200607139; 20052108; 200313741), ma il principio relativo all’onere della prova, di cui all’art. 2697 cod. civ., non implica affatto che la dimostrazione dei fatti costitutivi del diritto preteso debba ricavarsi esclusivamente dalle prove offerte da colui che e’ gravato del relativo onere, senza poter utilizzare altri elementi probatori acquisiti al processo, poiche’ nel vigente ordinamento processuale vale il principio di acquisizione, secondo il quale le risultanze istruttorie, comunque ottenute e quale che sia la parte ad iniziativa o ad istanza della quale sono formate, concorrono tutte, indistintamente, alla formazione del convincimento del giudice, senza che la diversa provenienza possa condizionare tale formazione in un senso o nell’altro (tra le altre e da ultimo, cfr. Cass. 201000739).

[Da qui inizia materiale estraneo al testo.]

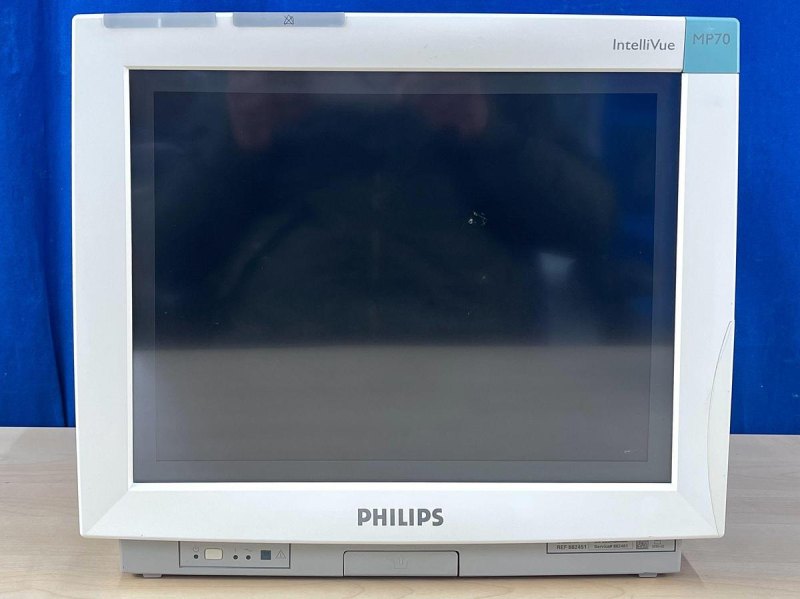 Philips MP-70 Patient Monitor, YOM: 2010.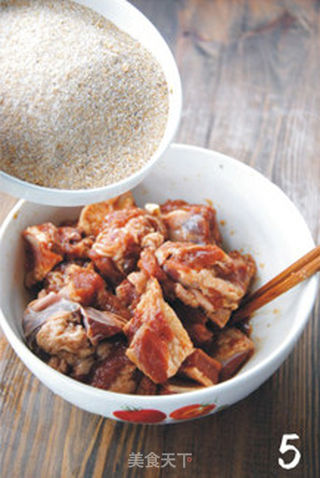 【粉蒸排骨】老少皆宜的健康吃肉法的做法步骤:5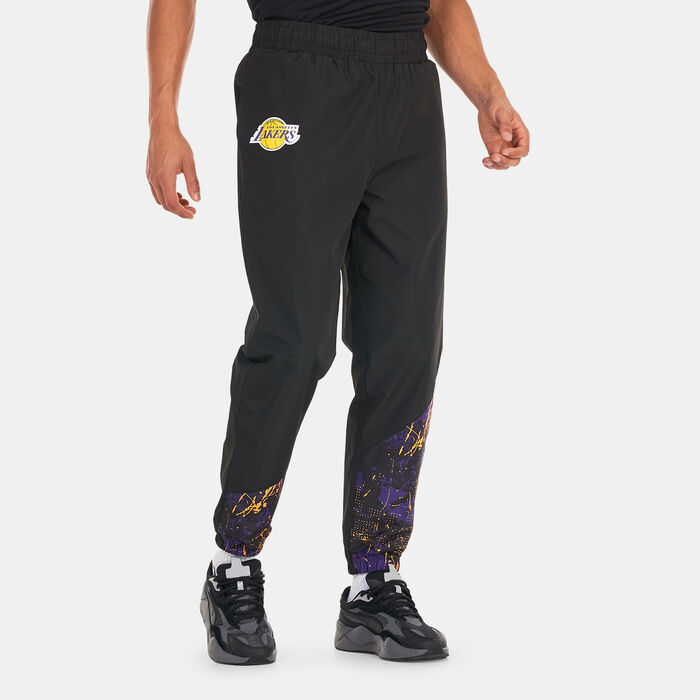 New Era Men's Los Angeles Lakers Allover Print Panel Track Pants Black New Era Men's Los Angeles Lakers Allover Print Panel Track Pants Black image number 0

Ben potevano, quindi, i giudici di merito porre a fondamento del loro convincimento gli elementi probatori acquisiti al giudizio, ivi compresi i dati esposti nella sentenza conclusiva del processo svoltosi dinanzi alla Corte dei Conti, quand’anche non offerti dall’Amministrazione gravata dell’onere probatorio. Inoltre, l’avversata valutazione si rivela pure congruamente e logicamente argomentata, considerato anche il richiamo all’assoluto difetto di prova circa l’asserito stato d’incapacita’ naturale del C. e che dai prospettati rilievi di errori valutativi in ordine agli elementi (per quanto detto legittimamente) assunti non e’ dato desumere illogicita’ o carenze motivazionali decisive.

Non deve provvedersi sulle spese del giudizio di legittimita’ stante la rilevata inammissibilita’ per tardivita’ del controricorso dell’Amministrazione intimata, che non ha partecipato alla discussione orale.

P.Q.M.

Rigetta il ricorso.

Cosi’ deciso in Roma, il 8 luglio 2010.